Was macht den Tango zum Tango?

In seiner mehr als hundertjährigen Geschichte wurde der Tango Argentino immer wieder kritisiert. Von der Verunglimpfung als „Tanz für die Unterschicht“, was ihn aus heutiger Sicht durchaus adeln würde, bis hin zum Verbot durch den Papst reichten die Angriffe. All das hat der Tanz überstanden, doch auch heute steht er noch im Mittelpunkt von Debatten über verschiedene Themen und Sichtweisen.

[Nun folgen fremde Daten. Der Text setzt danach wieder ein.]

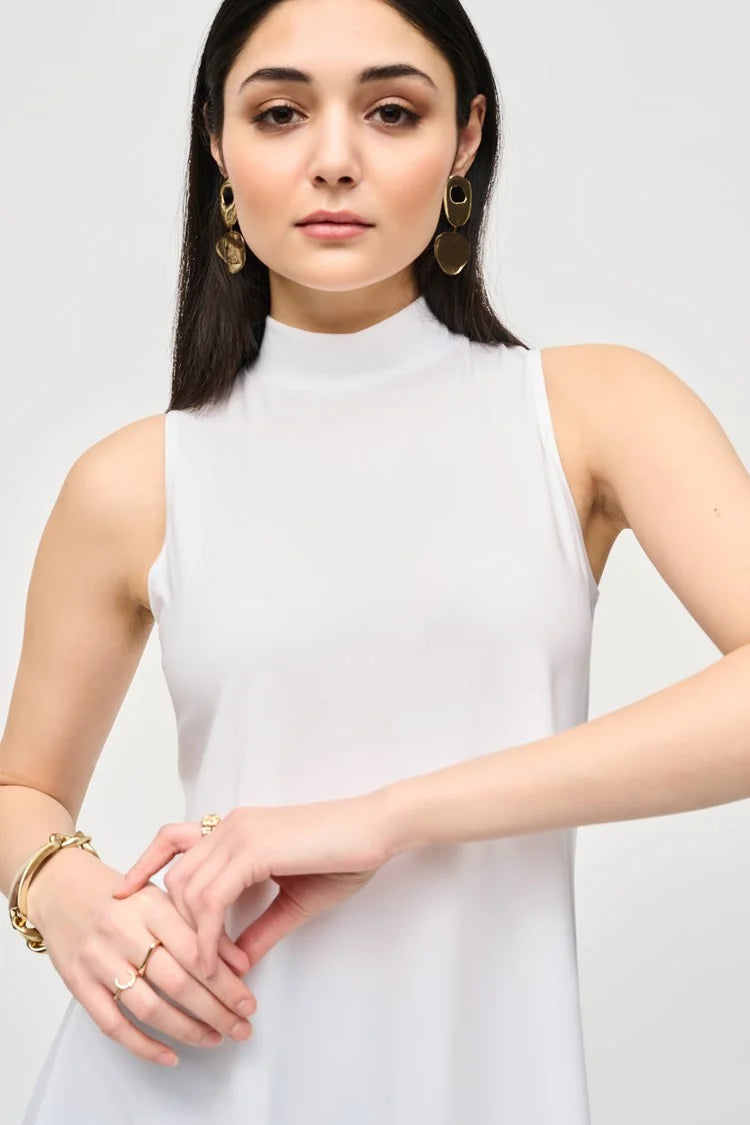 A woman with long dark hair stands against a plain background. She is wearing a Joseph Ribkoff Silky Knit Fit and Flare Sleeveless Top 243253, black flared pants, and black ankle boots. She has minimal jewelry and is striking a relaxed, confident pose with a slight smile.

Ob Geschlechterrollen, Machismo, Feminismus, Queer Tango, Akzeptanz, Freiheit oder Kreativität – all das sind Diskussionsthemen, zu denen es kontroverse Standpunkte in der weltweiten Tango Gemeinde gibt.

Überdies ist die grundsätzliche Frage, was den Tango eigentlich zum Tango macht, nach wie vor ein umstrittenes Thema. Einerseits gibt es die traditionellen Milongueros, die glauben, dass Tango auf eine bestimmte Art und Weise getanzt werden muss. Andererseits gibt es jüngere Tangotänzer, die versuchen, die Definition des Tango zu revolutionieren.

Schließlich ist der Tango Argentino eine Form des kreativen Selbstausdrucks. Aufgrund dieser Definition sollte man davon ausgehen, dass der Tango den Nonkonformismus unter den Tänzern fördert – selbst unter denen, die sich an die überlieferten Regeln halten.

Alejandra Mantiñan mit Partner
Alejandra Mantiñan mit Tanzpartner

Wer ist Alejandra Mantiñan?

Seit vielen Jahren ist Alejandra Mantiñan in der Tangowelt ein Name, den man nicht mehr vorstellen muss. Aber für diejenigen, die sie noch nicht kennen: Alejandra Mantiñan gilt als lebende Tango-Legende, die als Tänzerin mit den „magischen Füßen“ berühmt ist. Kurzum, ihr Talent und ihr Beitrag zur Tango Community sind so groß, dass ihr Name gleichbedeutend mit einer Göttin, Königin oder Ikone des Tangos ist.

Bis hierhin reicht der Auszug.